Supplied information.
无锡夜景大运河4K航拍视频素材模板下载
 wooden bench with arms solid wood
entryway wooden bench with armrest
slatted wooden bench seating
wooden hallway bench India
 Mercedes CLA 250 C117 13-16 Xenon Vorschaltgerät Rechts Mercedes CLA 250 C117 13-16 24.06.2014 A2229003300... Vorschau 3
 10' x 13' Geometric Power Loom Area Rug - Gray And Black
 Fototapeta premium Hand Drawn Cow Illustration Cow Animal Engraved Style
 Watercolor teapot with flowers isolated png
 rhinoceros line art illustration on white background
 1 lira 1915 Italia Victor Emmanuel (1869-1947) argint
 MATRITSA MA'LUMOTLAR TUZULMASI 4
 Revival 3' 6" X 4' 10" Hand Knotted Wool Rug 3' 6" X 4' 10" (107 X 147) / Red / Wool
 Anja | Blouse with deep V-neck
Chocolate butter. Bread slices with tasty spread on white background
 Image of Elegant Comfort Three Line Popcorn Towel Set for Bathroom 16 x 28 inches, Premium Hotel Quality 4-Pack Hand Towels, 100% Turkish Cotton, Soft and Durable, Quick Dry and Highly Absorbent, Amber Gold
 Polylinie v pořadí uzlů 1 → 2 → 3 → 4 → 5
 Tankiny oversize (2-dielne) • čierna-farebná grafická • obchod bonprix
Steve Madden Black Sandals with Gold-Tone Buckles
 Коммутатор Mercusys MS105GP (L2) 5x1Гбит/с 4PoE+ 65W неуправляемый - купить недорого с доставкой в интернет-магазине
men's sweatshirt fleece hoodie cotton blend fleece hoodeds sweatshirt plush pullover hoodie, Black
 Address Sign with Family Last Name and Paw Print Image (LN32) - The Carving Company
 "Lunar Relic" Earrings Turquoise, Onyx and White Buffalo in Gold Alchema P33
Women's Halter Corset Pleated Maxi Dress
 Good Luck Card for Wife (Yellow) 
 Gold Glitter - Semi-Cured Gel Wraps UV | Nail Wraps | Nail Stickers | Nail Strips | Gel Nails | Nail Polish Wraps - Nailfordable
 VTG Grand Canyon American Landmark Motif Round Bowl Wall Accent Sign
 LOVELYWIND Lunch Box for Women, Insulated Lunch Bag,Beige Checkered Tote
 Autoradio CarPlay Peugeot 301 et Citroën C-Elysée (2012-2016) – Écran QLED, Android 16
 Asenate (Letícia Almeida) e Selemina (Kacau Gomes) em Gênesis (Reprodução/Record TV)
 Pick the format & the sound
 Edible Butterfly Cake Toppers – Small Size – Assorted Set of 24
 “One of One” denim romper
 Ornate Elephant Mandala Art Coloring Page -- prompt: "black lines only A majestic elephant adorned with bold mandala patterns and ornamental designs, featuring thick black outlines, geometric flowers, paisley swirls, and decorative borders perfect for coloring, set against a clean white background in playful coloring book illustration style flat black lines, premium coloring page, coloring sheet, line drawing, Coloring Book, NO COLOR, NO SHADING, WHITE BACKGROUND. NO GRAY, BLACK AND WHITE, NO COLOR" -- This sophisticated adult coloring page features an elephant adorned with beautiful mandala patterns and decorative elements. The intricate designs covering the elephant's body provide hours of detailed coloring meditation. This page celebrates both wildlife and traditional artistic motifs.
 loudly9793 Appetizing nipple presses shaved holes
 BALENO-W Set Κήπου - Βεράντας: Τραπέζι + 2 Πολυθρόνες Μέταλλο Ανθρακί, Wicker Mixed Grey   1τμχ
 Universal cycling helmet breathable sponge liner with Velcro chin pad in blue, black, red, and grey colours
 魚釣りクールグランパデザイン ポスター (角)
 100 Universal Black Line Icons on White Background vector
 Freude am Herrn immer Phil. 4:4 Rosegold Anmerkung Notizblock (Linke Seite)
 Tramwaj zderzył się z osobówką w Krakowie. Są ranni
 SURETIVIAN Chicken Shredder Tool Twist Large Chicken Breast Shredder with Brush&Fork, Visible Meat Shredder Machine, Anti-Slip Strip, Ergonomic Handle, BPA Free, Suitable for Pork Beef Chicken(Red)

Problem requirements. Copy, without any change, the lines above from the one containing "Freude am Herrn" to the end, both ends included. Add nothing else.

Output of the exercise.
 Freude am Herrn immer Phil. 4:4 Rosegold Anmerkung Notizblock (Linke Seite)
 Tramwaj zderzył się z osobówką w Krakowie. Są ranni
 SURETIVIAN Chicken Shredder Tool Twist Large Chicken Breast Shredder with Brush&Fork, Visible Meat Shredder Machine, Anti-Slip Strip, Ergonomic Handle, BPA Free, Suitable for Pork Beef Chicken(Red)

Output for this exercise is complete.